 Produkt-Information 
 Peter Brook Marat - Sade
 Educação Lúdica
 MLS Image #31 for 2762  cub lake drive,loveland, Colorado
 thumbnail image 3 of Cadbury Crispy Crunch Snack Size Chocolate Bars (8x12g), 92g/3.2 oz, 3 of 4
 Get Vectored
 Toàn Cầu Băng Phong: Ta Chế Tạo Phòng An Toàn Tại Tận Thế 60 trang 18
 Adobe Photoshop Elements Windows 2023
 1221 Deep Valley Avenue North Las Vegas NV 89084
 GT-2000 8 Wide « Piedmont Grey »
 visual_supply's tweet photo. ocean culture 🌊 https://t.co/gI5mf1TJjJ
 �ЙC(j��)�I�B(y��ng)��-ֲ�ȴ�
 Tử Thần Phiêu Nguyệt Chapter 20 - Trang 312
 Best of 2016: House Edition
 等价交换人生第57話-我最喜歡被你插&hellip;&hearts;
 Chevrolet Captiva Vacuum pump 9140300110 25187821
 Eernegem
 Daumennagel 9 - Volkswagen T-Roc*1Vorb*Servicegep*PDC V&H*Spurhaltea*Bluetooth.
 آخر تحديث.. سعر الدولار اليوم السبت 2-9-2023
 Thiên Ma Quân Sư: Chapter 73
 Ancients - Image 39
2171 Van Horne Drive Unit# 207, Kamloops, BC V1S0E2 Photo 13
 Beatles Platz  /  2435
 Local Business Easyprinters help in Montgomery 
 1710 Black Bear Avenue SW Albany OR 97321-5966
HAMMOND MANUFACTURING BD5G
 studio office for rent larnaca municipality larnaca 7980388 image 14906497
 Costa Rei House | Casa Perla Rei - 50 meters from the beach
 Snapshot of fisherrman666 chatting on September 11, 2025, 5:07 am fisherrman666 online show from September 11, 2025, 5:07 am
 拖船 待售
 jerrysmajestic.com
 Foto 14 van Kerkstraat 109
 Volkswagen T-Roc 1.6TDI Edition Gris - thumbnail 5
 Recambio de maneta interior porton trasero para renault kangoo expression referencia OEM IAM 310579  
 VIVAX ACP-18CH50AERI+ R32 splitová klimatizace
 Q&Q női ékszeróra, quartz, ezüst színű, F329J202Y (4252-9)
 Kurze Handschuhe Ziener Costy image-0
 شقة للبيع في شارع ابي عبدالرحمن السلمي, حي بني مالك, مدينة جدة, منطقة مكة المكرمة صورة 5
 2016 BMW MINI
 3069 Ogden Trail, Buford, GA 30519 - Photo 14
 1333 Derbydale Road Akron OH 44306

+ + + +

WHAT IS REQUIRED: Isolate the lines above that contain the word "Avenue" and copy them.

EXERCISE RESULT:
 1221 Deep Valley Avenue North Las Vegas NV 89084
 1710 Black Bear Avenue SW Albany OR 97321-5966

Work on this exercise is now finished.